I'm not sure I can get management to go to bitcoin just yet, but I will investigate the costs of Stripe. Any others?


----------



## HostXNow (Mar 28, 2014)

Everyday said:


> I'm not sure I can get management to go to bitcoin just yet, but I will investigate the costs of Stripe. Any others?


Using Stripe certainly makes you verify orders for fraud better. But yes, found setting up Stripe was a lot easier over trying to setup 2CheckOut.com and Authorize.net which process seems to go on forever and ever.


----------



## qps (Mar 28, 2014)

BitPay is an interesting way to accept BitCoin.  They immediately convert to USD and send the money to your bank account.


----------



## concerto49 (Mar 28, 2014)

HostXNow said:


> Using Stripe certainly makes you verify orders for fraud better. But yes, found setting up Stripe was a lot easier over trying to setup 2CheckOut.com and Authorize.net which process seems to go on forever and ever.


We had 2Checkout setup with 0 problems.


----------



## SkylarM (Mar 28, 2014)

HostXNow said:


> Using Stripe certainly makes you verify orders for fraud better. But yes, found setting up Stripe was a lot easier over trying to setup 2CheckOut.com and Authorize.net which process seems to go on forever and ever.


We dropped stripe in favor of Braintree. Braintree is significantly better IMO, they also have phone support. Annoys the heck out of me that I couldn't call to speak to a human being over at Stripe.


----------



## Packety (Mar 28, 2014)

2Checkout is a good payment option, and it is not that hard to setup.

Also a pretty safe payment alternative.


----------



## HostXNow (Mar 28, 2014)

Actually I think it was just Authorize I had trouble with (too much back and forth with proof etc). Just I was trying both options at the same time as needed to replace Google Checkout. Just logged into 2CheckOut and it looks good.


----------



## SPINIKR-RO (Mar 28, 2014)

SkylarM said:


> We dropped stripe in favor of Braintree. Braintree is significantly better IMO, they also have phone support. Annoys the heck out of me that I couldn't call to speak to a human being over at Stripe.


Email seems fast, though I have never had a reason to call them or email them. Emailed once when needed to change some detail (forgot.)



HostXNow said:


> Prefer Paypal and Credit Card. Stripe is good til you have to pay high fee for chargebacks.


Sounds like a one sided issue to me.


----------



## datarealm (Mar 28, 2014)

Everyday said:


> Just as the title says.

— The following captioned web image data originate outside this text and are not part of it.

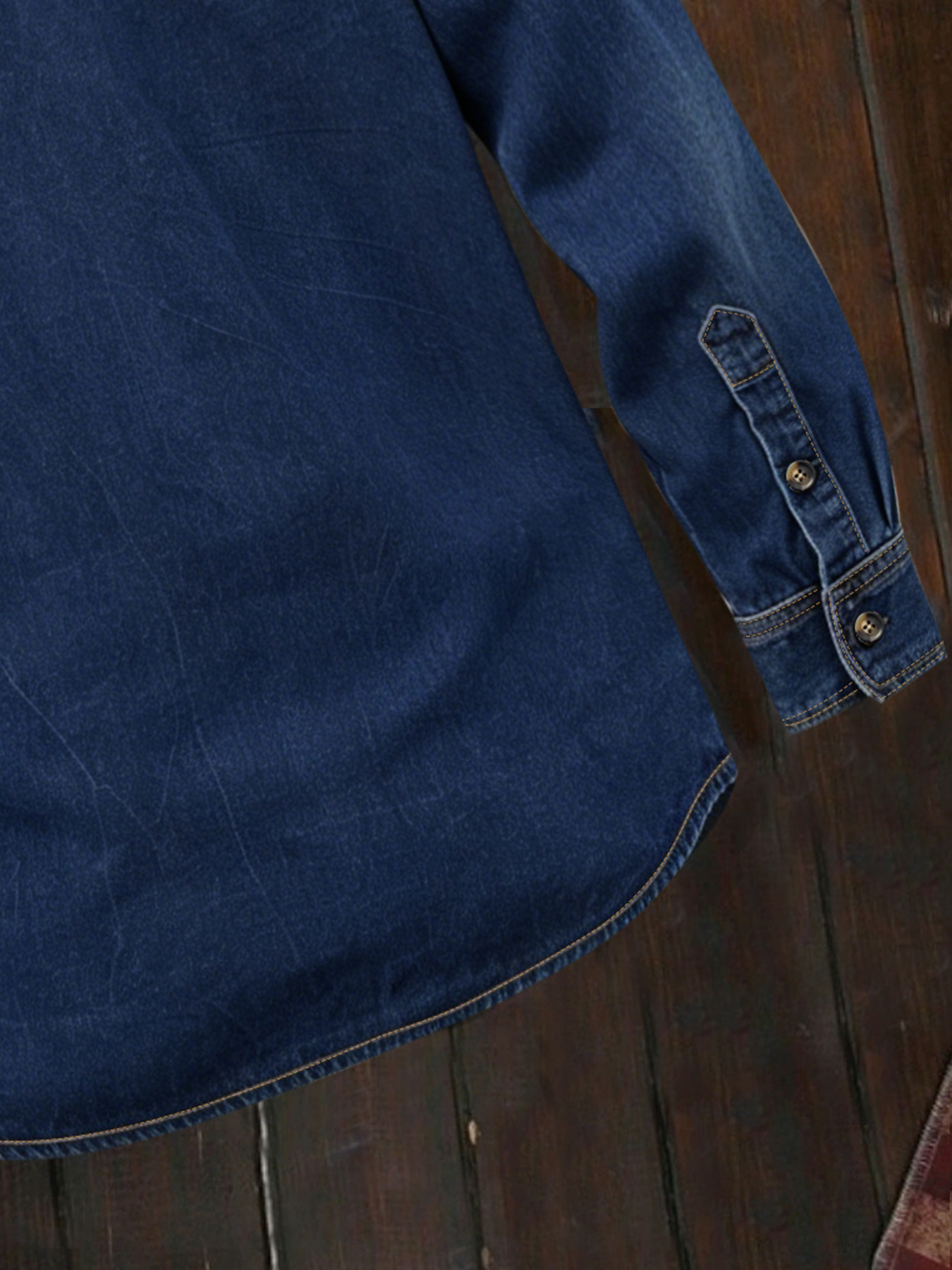 Men's American Style Long Sleeved Shirt Spring Summer Denim Jacket Washed Youth Cross Border Casual Clothing_viptrois.com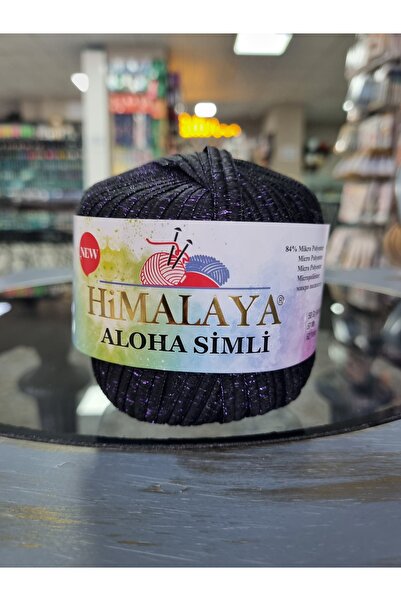 Himalaya Aloha Simli El Örgü İpi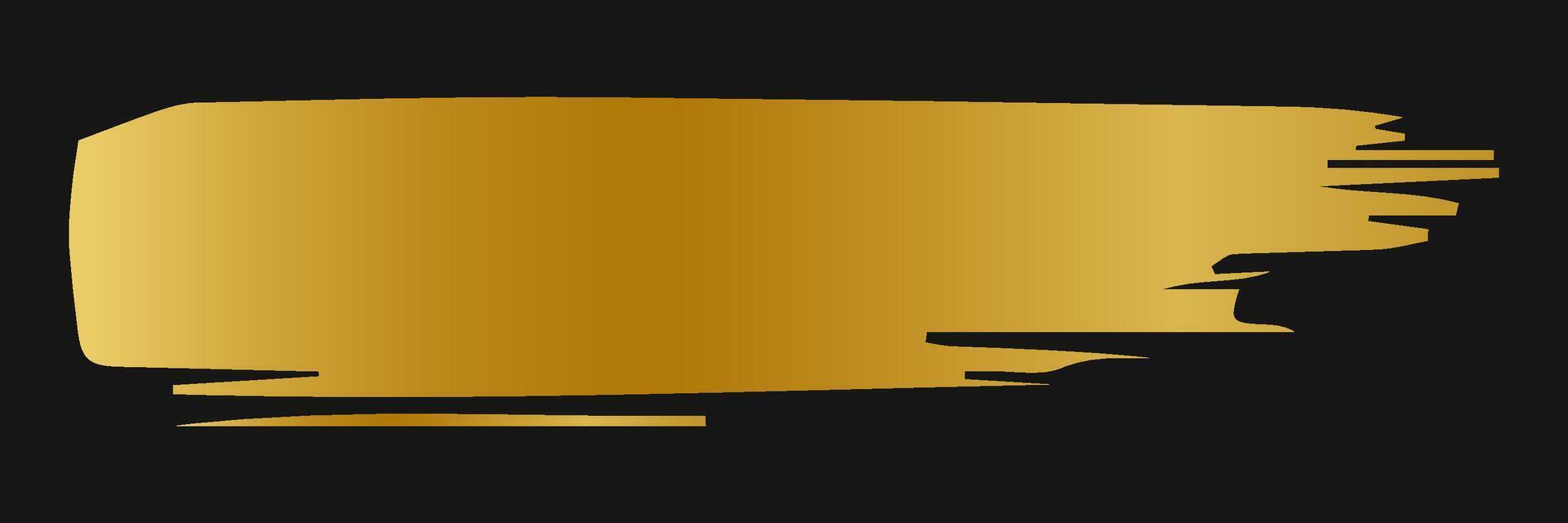 golden paint strokes to make a background for your design, golden hot foil, gold leaf vector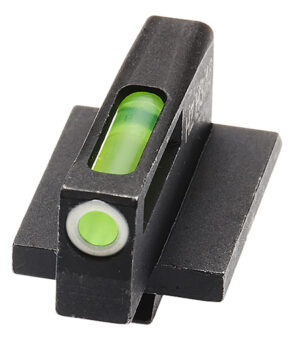 HiViz GPN301 LiteWave H3 Tritium/LitePipe GP100 Front Sight  Black | Green Tritium with White Outline Front Sight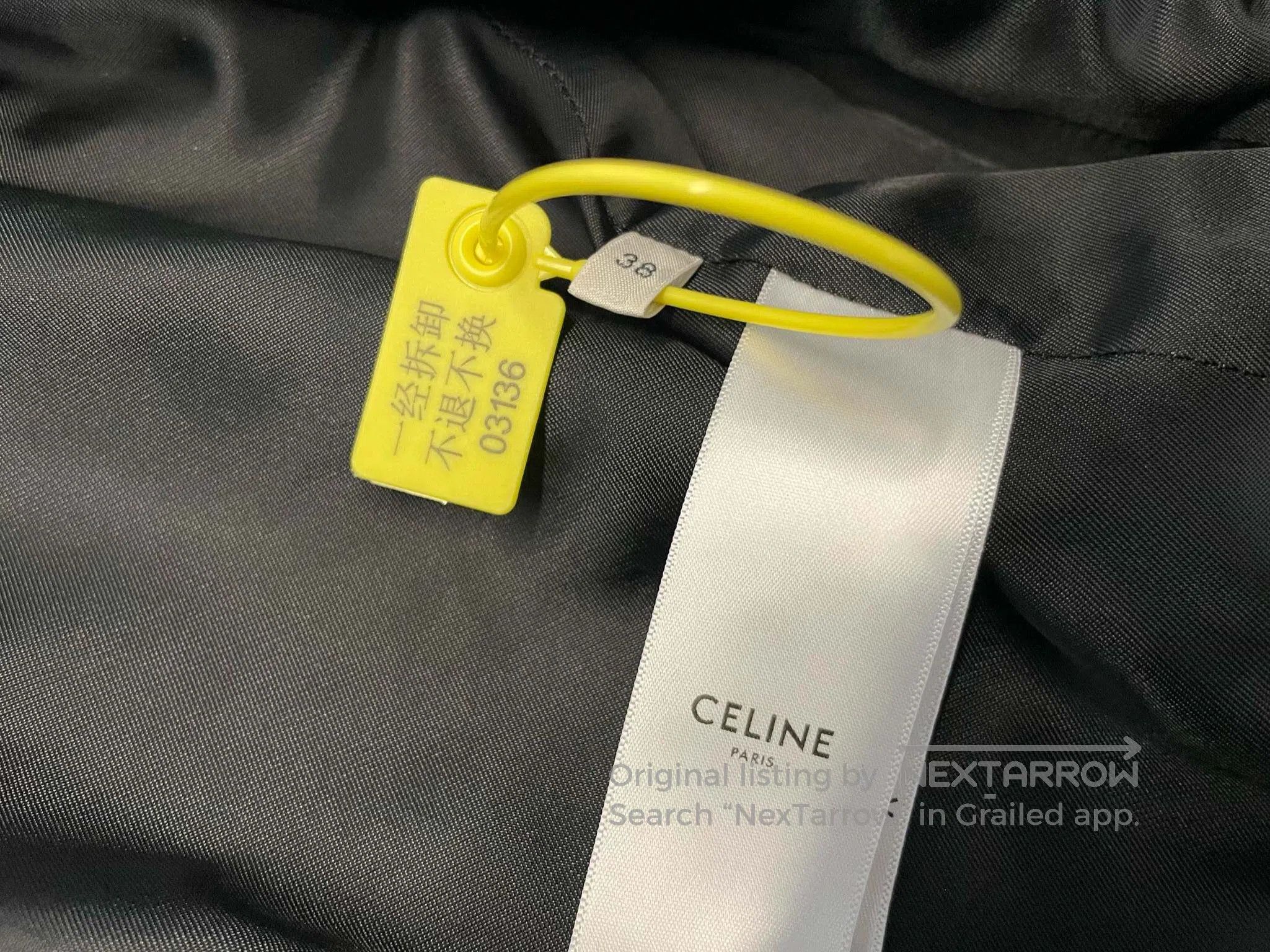 Celine CELINE size 39 Wool Gold Button Jacket Size S / US 4 / IT 40 - 6 Thumbnail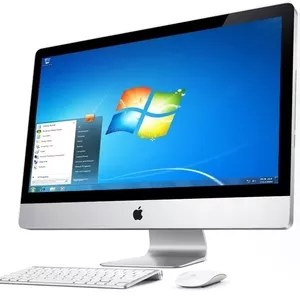 Установка Windows XP,  7 на MAC (MacBook,  iMac) в Киеве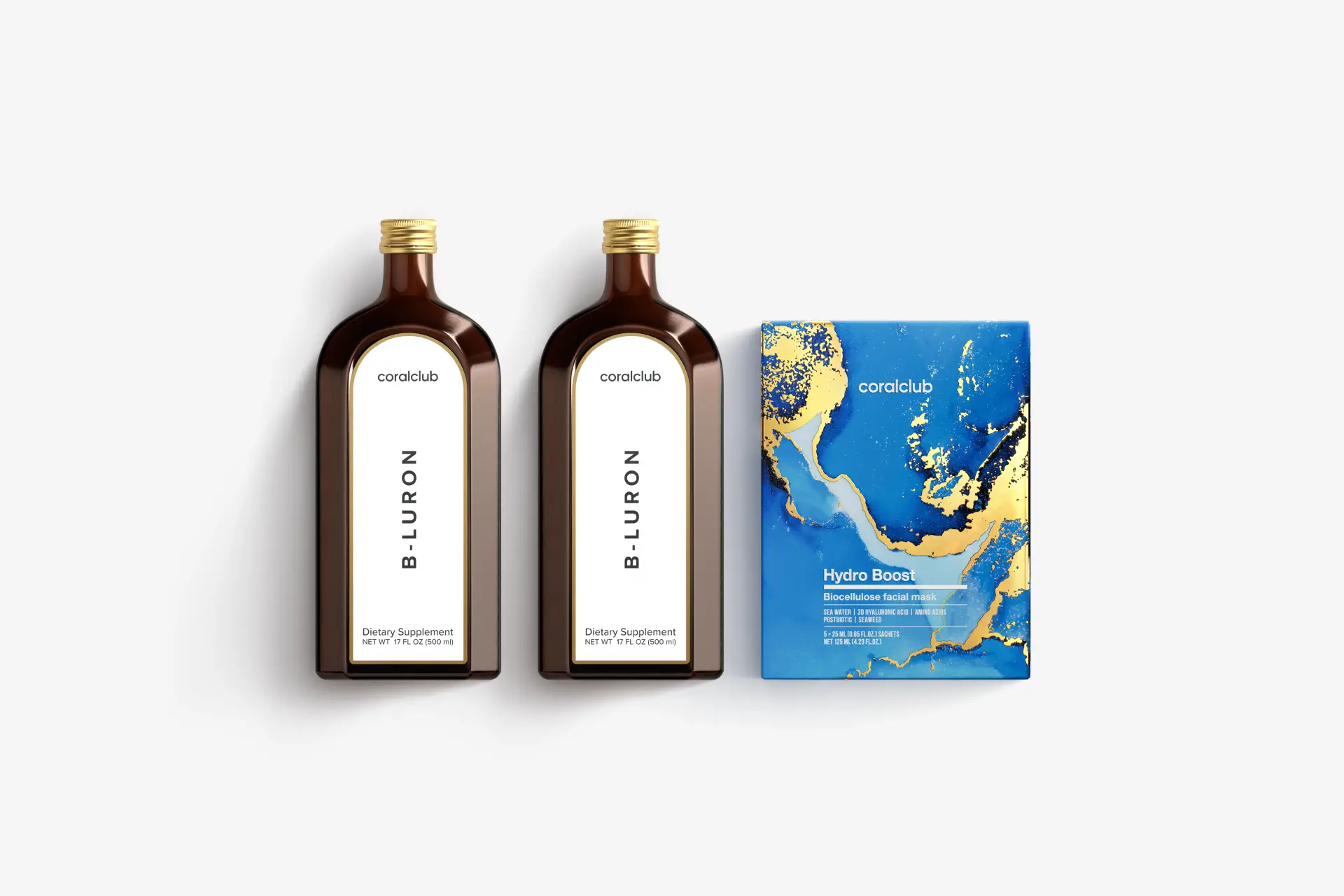 B-Luron + Hydro Boost Biocellulose Facial Mask (5 bustine)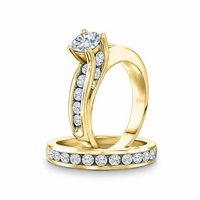 CT. T.W. Diamond Bridal Set in 14K Gold|Peoples Jewellers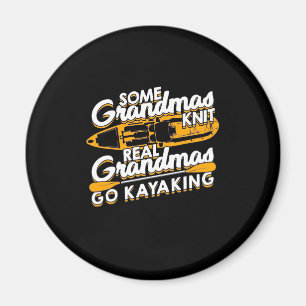 Aimant Vrais Grand-Mères Go Kayak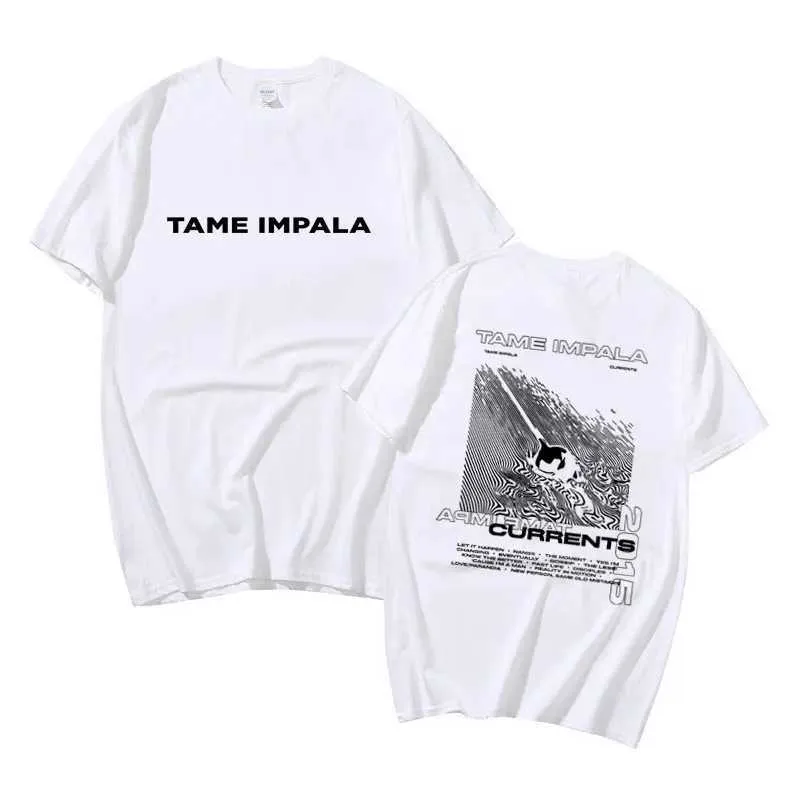 Wholesale Tame Impala Currents Mens Cotton T Shirt  From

What is your preferred method of payment besides credit card and paypal?  We want to add more options for customers but don't want to bother with gateways that aren't going to be used.



Check.  

Especially for larger customers -- no processing fees lost!


----------



## Everyday (Mar 28, 2014)

2checkout rates were pretty high last time I checked, but it appears they are offering 2.9% and 30 cents per transaction like Braintree.  The rate is still kind of high compared to our credit card and paypal but its worth it if it makes it easier for clients to purchase our service.


----------



## Exelion (Mar 28, 2014)

I'd like to add another vote for Bitcoin. At this point, theres no reason not to use it.


----------



## leto12 (Apr 1, 2014)

Payza is a good alternative to paypal


----------



## Everyday (Apr 1, 2014)

As a novice to using bitcoin, how would a company go about actually accepting and converting it to US dollars to use for operations?


----------



## qps (Apr 1, 2014)

Everyday said:


> As a novice to using bitcoin, how would a company go about actually accepting and converting it to US dollars to use for operations?


BitPay.


----------



## adilimran (Apr 3, 2014)

Try google wallet may be it'll help you..


----------



## rawvps (Apr 7, 2014)

Everything but 2CO. We had 2CO payment gateway on our site earlier. Last week we had a problem withdrawing the money. Even after taking 84 hours to respond, their reply wasn’t useful and accurate..I replied back asking for more details, and I haven’t heard from them yet.


----------



## iWF-Jacob (Apr 7, 2014)

HostXNow said:


> Actually I think it was just Authorize I had trouble with (too much back and forth with proof etc). Just I was trying both options at the same time as needed to replace Google Checkout. Just logged into 2CheckOut and it looks good.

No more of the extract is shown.